I'm not saying that in casting any aspersions on the member for that at all. What I'm saying is that it's a way that he's coming about and approaching this project. However, there's a disconnect between the potential merits of this motion and the actual B.C. Liberal government decisions around capital projects.
The first is where these projects have taken place. Here's an example, just a small sample: $800 million, 100 percent cost overrun on the Vancouver Convention Centre; at least $600 million on the Sea to Sky Highway, a highway to a ski area; and now at least $400 million for a new roof on Vancouver's B.C. Place.
Now, I'm not commenting on the merits of these projects. Certainly, there is some debate about the merits there, but note that all of these projects are in a small geographic location in a tiny part of the province. That flies in the face of where the actual wealth, the new revenues are generated in the province. These are in the rural areas.
A study done by economist David Baxter of the Urban Futures Institute pointed out that 70 percent of the new revenues generated in the province come from non-urban areas, places like the constituency I represent, Stikine, in the northwest part of the province.
I'm sure the member for West Vancouver–Capilano can understand the frustration of people where I live, when they are working to extract the natural resources that drive this new revenue, when they pay taxes like anyone else in B.C., and then we see that most of the money that the government is deciding to spend on capital projects is in faraway places that bring little benefit to hard-hit communities where unemployment is at extreme levels.
In fact, Greg Halseth, a professor at the University of Northern British Columbia in Prince George, who actually studies rural economies, calls this approach by the B.C. Liberals a continual withdrawal from the resource bank. If you continually withdraw from the resource bank without reinvesting, the bank goes under.
That's what the B.C. Liberals are doing to rural B.C. Their decisions on capital spending largely benefit the urban areas but do little to improve infrastructure in rural areas — infrastructure that we depend on not just to fuel the economy for the rest of the province but for our basic quality of life in smaller rural communities.
Another contradiction is how these large capital projects are instituted by the B.C. Liberal government. Let's go back to the Sea to Sky Highway. It was a P3 decision by this government to let private interests initially fund this public project, but the repayment on the back of taxpayers is deplorable. Over the 25-year life span of this deal, it will cost taxpayers an extra $300 million more than if we funded it ourselves like we used to.
This is a number from Partnerships B.C., saying $300 million more out of the pocket of taxpayers for the Sea to Sky Highway. That's money out of the pockets.
Good for them. The private companies arranged the best deal possible, but obviously, this government wasn't looking out for the concerns — our concerns — of rural people. That's $300 million more that could have gone into our schools, that could have gone into day care, that could have gone into housing, that could have gone into high-speed Internet connections and other public infrastructure projects in rural communities. It's a bad decision all around.

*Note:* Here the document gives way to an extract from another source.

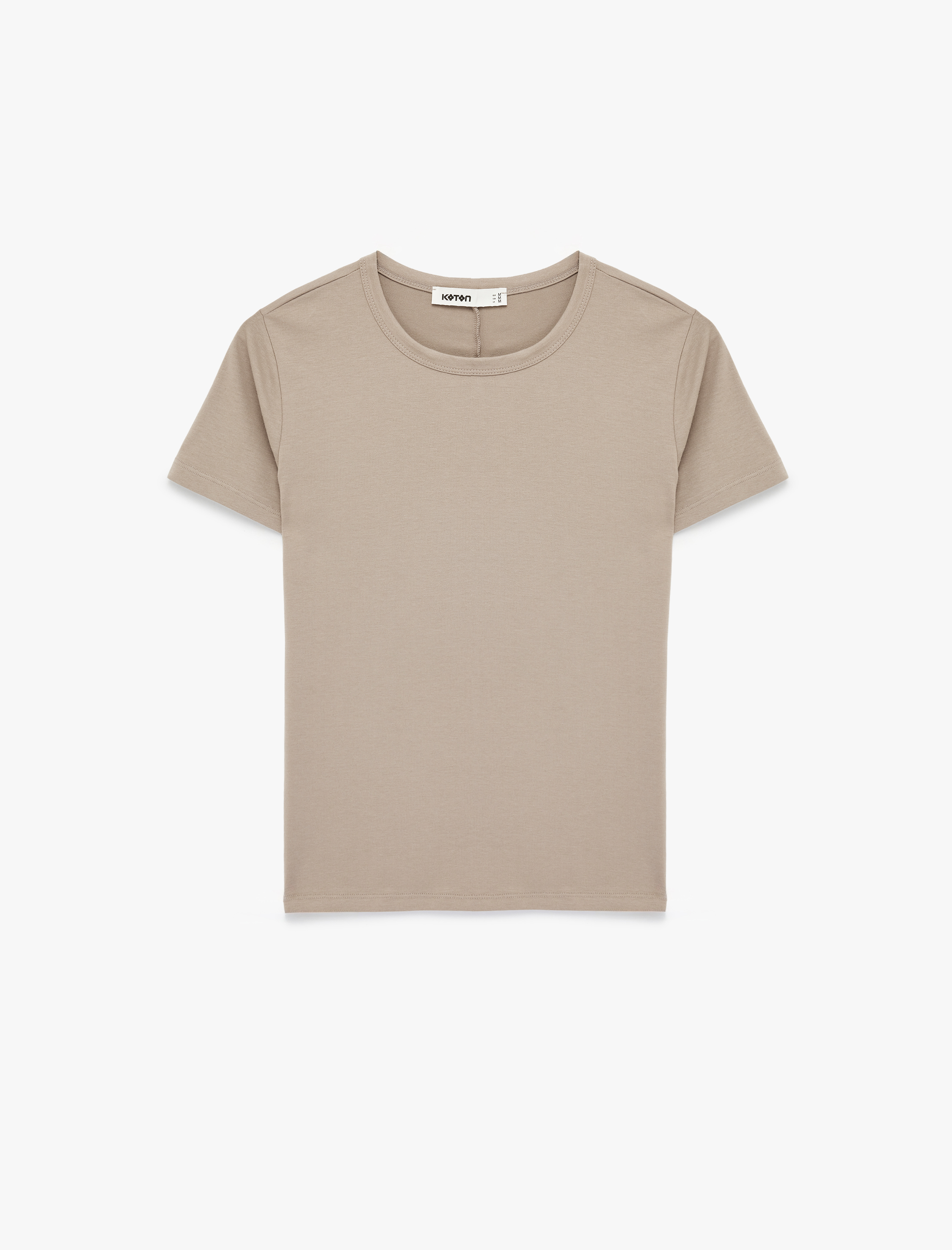   Pamuklu Slim Fit Kısa Kollu Bisiklet Yaka Basic Tişört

D. Donaldson: I know some of the members on the other side have personal interest, and good for them. They're trying to promote and boost their constituency over the rest of the province, but when it comes to $300 million more, surely the member on the other side could see that other areas of the province could benefit from that kind of money, not just her constituency.

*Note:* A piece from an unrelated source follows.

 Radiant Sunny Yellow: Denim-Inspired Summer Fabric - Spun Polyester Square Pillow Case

When this government goes on to proceed on a capital project in the north, they create a situation that hinders the ability of the project to proceed in a fair and timely manner. One example of that is with First Nations. This government has not put the serious effort that is required into consultation and accommodation with First Nations in the north, in the northwest especially.
I'll give an example of that. Even on the issue of proposed coalbed methane drilling in the Sacred Headwaters area of the northwest — an area where the Stikine, the Skeena and the Nass rivers all begin — this government has taken two years to negotiate with the Tahltan and still, after two years, no tangible results on that issue.
I would submit that if the B.C. Liberals were serious about resolving land title issues with First Nations on a specific area like this, then two years would be plenty of time to come to a solution. Two years. But no, nothing.
I'll tell you what. This does not bode well for a project like the northern transmission line that crosses at least five First Nations' traditional territories. Much hangs on that project in the north. I urge the Minister of Energy, Mines and Petroleum Resources, the Minister of Aboriginal Relations and other ministers to get on with their job around consultation and accommodation with First Nations so we can see projects move ahead in a timely manner.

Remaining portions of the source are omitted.